Monday, June 10, 2013

Right-wing Japanese groups have a sense of inferiority against Korea?

As Japanese nationalism is fueled by friction with neighbors over territories and World War II legacy issues, hostile demonstrations against the country's Korean residents are gathering steam, raising concerns among political leaders and setting off soul-searching among Japan's largely homogeneous population. While attendance at the rallies is small and such extreme actions are far from entering the mainstream of Japanese politics, the demonstrations of nationalist activists using hate speech and intimidation have grown in size and frequency in recent months. Anti-Korea sentiment in Japan grew right after the 2002 FIFA World Cup. Korea went to the semi-finals, while Japan remained in quarter-finals. Anti-Korea sentiment also grew in March 2009, when Kim Yuna won against Asada Mao. This kind of supports the idea that anti-Korean sentiment in Japan is caused from a sense of inferiority.
http://www.hani.co.kr/arti/international/japan/590823.html

Sunday, June 9, 2013

Japan’s not so diplomatic actions

The U.N. Committee against Torture issued a statement pointing out that Japan’s criminal justice system should do away with its traditionally strong reliance on confessions by suspects, and demanded it implement safeguards such as electronic recordings of the entire interrogation process to prevent wrongful convictions. That’s a welcome statement from the UN’s Committee against Torture (CAT), I wonder if Japan will take it to heart. According to reports on Twitter and in Wednesday’s Tokyo Shimbun, Japan’s representative at the CAT meeting, Hideaki Ueda, made another statement which raised eyebrows at the forum. When the other international representatives present chuckled in response to a gaffe made by Ueda, he's said to have quickly shot back with a not so diplomatic “SHUT UP” uttered in perfectly clear English and chided the group for laughing. When state officials from anywhere behave like that with the eyes of the world on them, I shudder to think what goes in their corner of the globe when no one is looking. When state officials from anywhere behave so badly with the eyes of the world on them, I shudder to think what goes in their corner of the globe when no one is looking.
(http://www.japantimes.co.jp/news/2013/06/04/national/rights-groups-tell-japan-to-fully-tape-interrogations-of-criminal-suspects/#.UbUiKflM95Y)

Thursday, June 6, 2013

North Korean labor camp prisoners are used as shooting exercise targets

As international leaders fear what Pyongyang may do beyond its borders, perhaps the biggest issue is what happens within. North Korea operates a growing network of prison camps containing up to 200,000 prisoners in conditions likened by survivors to Nazi concentration camps. This atrocity gains little international attention, though the United Nations Human Rights Council is considering a formal inquiry for possible crimes against humanity.
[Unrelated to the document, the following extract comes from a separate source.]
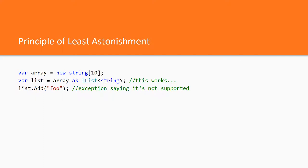Here's an example from C#. A user would expect from the IList that it allows to add items.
Information about the camps is limited to reports from the few successful escapees, notably Shin Dong-hyuk, who told 60 Minutes about spending 23 years behind the wire. North Korea's prison camps are a closed-off world of death, torture and forced labour where babies are born slaves, according to two survivors who liken the horrors of the camps to a Holocaust in progress.
(http://www.businessinsider.com/life-in-north-korea-prison-camp-horror-kim-jong-un-2013-3?op=1#ixzz2VVCwuvBs)

Tuesday, June 4, 2013

UN Slams Japan's Treatment of Former Sex Slaves

The UN urged Japan to admit responsibility for forcing women into sexual slavery during World War II and prosecute any surviving officers who were involved in their trafficking. The UN Committee Against Torture said the Japanese government should refute attempts to deny the facts by the government authorities and public figures and to re-traumatize the victims through such repeated denials. Instead, it should inform the young generation in school textbooks of Japanese wartime atrocities so that they are never repeated. The recommendations appear especially aimed at Mayor Hashimoto, who denies that Japan forced women into prostitution for the Imperial Army. Japan argued at the time that the mobilization of sex slaves occurred during World War II 70 years ago and does not fall under the Convention Against Torture and Other Cruel, Inhuman or Degrading Treatment or Punishment, which was only enacted in 1987. The UN rejected the argument.
(http://ajw.asahi.com/article/behind_news/politics/AJ201306030070)

Monday, June 3, 2013

Please Help the North Korean children

In the wake of the recent repatriation of a group of young North Korean defectors from Laos, South Korean diplomats in overseas missions plan to hold a meeting to discuss follow-up measures and ways to better deal with the sensitive issue. The nine North Koreans, aged between 15 and 23, fled their country in 2011. They hid in China before moving to Laos in hopes of settling in South Korea, but they were rounded up there by authorities on May 10. South Korea had appealed to both Laos and China to send them to Seoul, but the plea was rejected. They were deported to China on May 27, and the following day flown home. The U.N. human-rights chief criticized Laos and China on Friday for returning nine young defectors - all reportedly orphans - to North Korea, where they could face harsh treatment. Under North Korean law, defectors face a minimum of five years of hard labor and as much as life in prison or the death penalty in cases deemed particularly serious. Activists say they could face torture.
(http://www.globalpost.com/dispatch/news/regions/asia-pacific/130603/china-and-un-exchange-criticism-north-korean-defectors)

Sunday, June 2, 2013

The Japanese government must embrace Hatoyama’s denunciation...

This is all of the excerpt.